Many management options have been described including using cement, bulk bone graft, and particulate graft to support the cup medially, and use of a reinforcement ring cage to provide better rim support. Gates reported on a series of 36 primary total hip replacements with acetabular protrusio treated with cemented cups and medial particulate autograft with a mean follow-up of 12.8 years with 6 definitively loose, 3 probably loose, and 22 possibly loose. The technique that provides initial porous cup stability and potential for long-term biological fixation is preferred. Mullaji and Shetty reported 90% good and excellent results and no loosening or migration at a mean 4.2 years in 30 primary total hips with acetabular protrusio treated with oversized porous cups for rim support and medial particulate bone grafting. Forty percent of their cases had protrusio greater than 15 mm medial to Kohler's line. Hansen and Ries also reported no revisions using this same technique in 19 revision total hips with an average follow-up of 2.8 years. However, they emphasised that this technique should only be used if the peripheral rim is intact, and if inadequate, to use a reconstruction cage. In revision total hips with large medial acetabular defects this is more likely to be the case. However, use of a reconstruction cage doesn't provide biological fixation. Ilyas reported a 15.1% loosening rate using cages for revisions with medial defects at a follow-up of 6 years.

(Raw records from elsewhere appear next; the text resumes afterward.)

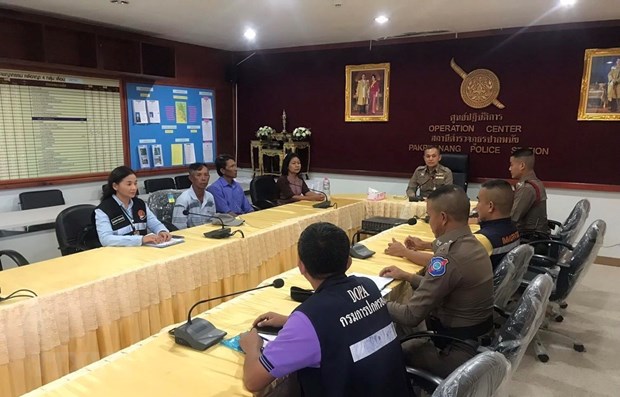 Thailand hands over rescued fishermen to Vietnam hinh anh 1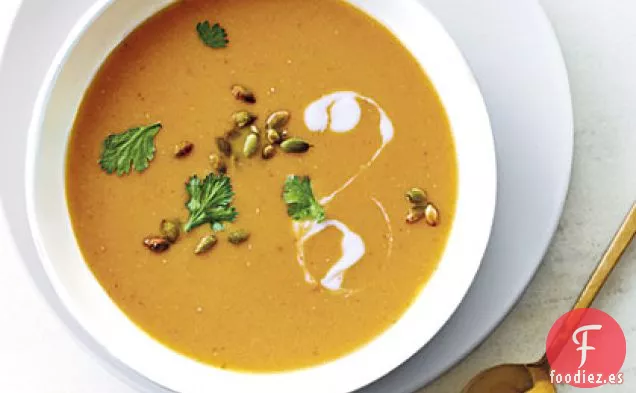 Sopa de Lentejas Rojas y Calabaza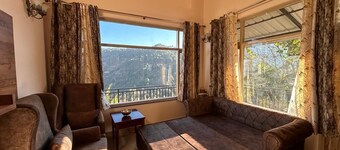 SUNS Cottage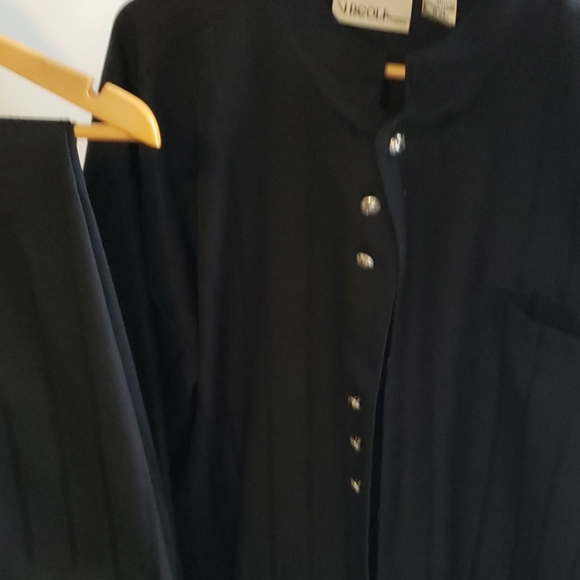 VRGILA - Picture 3 of 3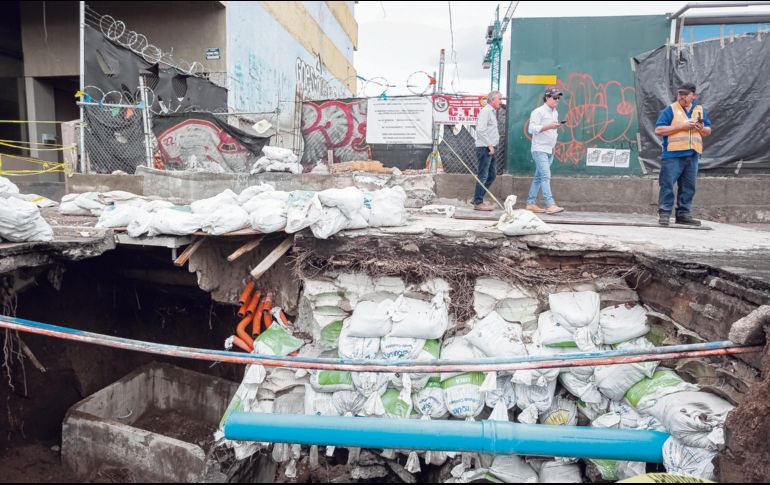 Autoridades y constructores del edificio comenzaron ayer con la reparación del socavón que se formó a causa de las lluvias en el carril lateral de la Avenida Mariano Otero. EL INFORMADOR/ H. Figueroa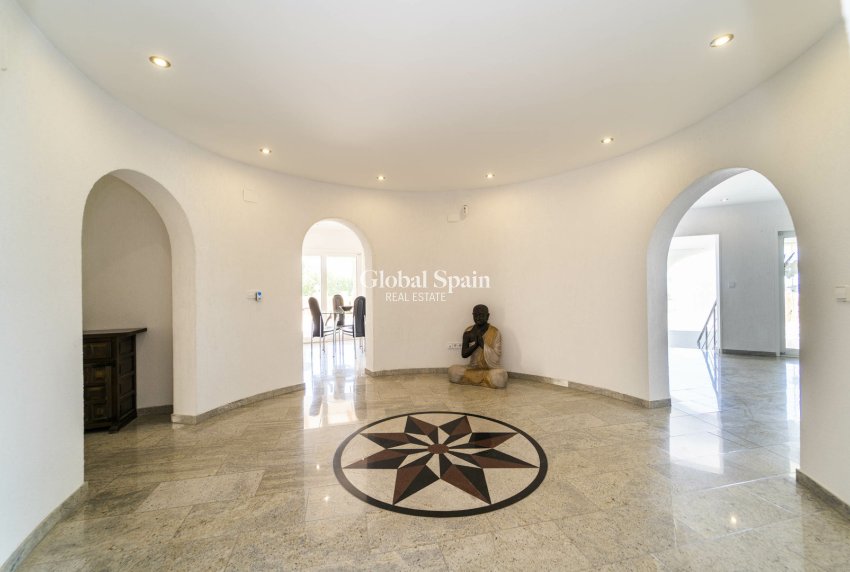 Resale - VILLA -
CALPE - Costa Blanca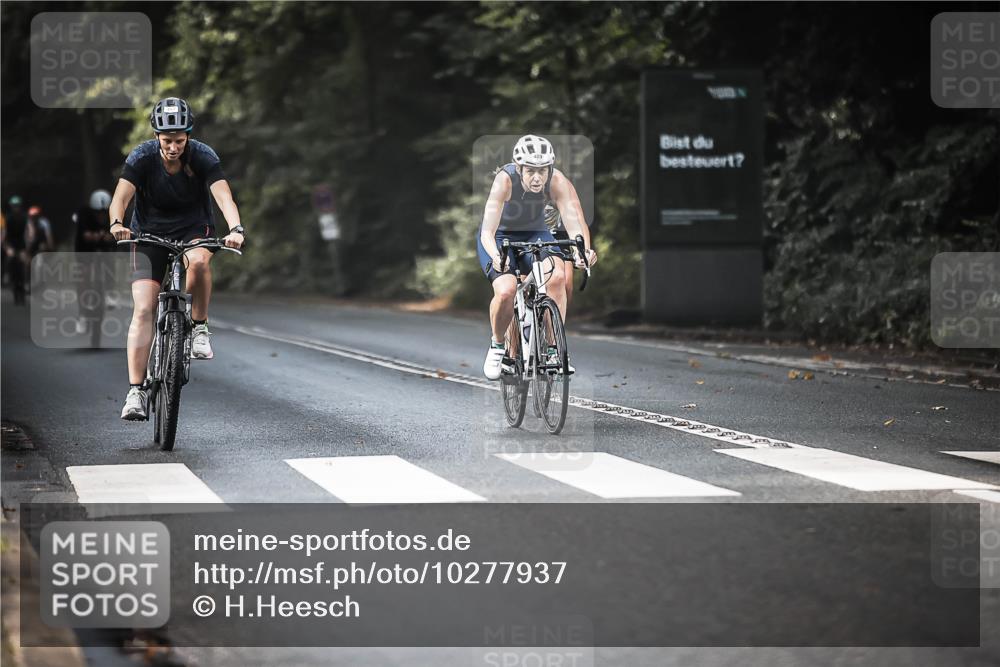 13.09.2026 - Stadtparktriathlon H.Heesch http://msf.ph/oto/10277937 13.09.2026 10:41:10 Radfahren 348, 357, 409, 489, 496 meine-sportfotos.de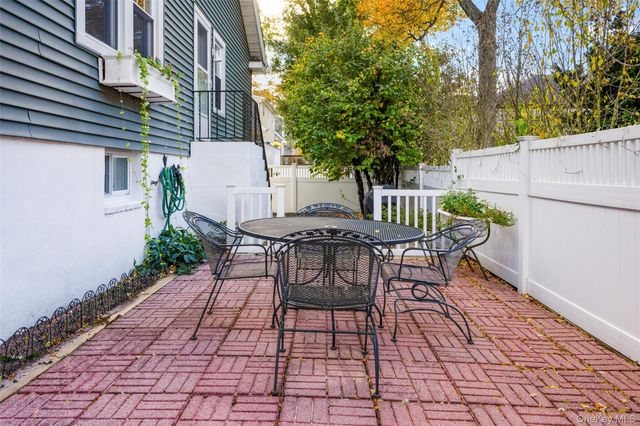 103 Laurel Avenue, Larchmont, NY 10538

I have alternatively used a porous protrusio shell when rim support is poor and the medial defect is greater than 10 mm. The technique is to perform a cylindrical peripheral ream and a medial hemispherical ream. This provides greater host bone to shell contact for stability and greater biological fixation, and fills much of the medial defect. I used this technique in 43 cases with an average follow-up of 3.7 years. There were no revisions, no apparent cup migrations, and no progressive component bone radiolucencies. For primary total hips with protrusio, when good rim support can be achieved with a few millimeters of peripheral over-ream, a standard porous cup and medial particulate autografting is preferred. However, in many primary cases with greater than 10 mm of protrusio, the peripheral rim may be significantly stress shielded and thus, may have poor rim support unless the rim is significantly over-reamed. Because of my excellent results using protrusio shells in revision cases, I will consider also using a protrusio shell in primary total hips in elderly patients with >10 mm of protrusio. I have experience in 10 primary cases with an average follow-up of 4.1 years. One failed for infection. The other 9 have been successful with no apparent cup migration and no progressive component bone radiolucencies.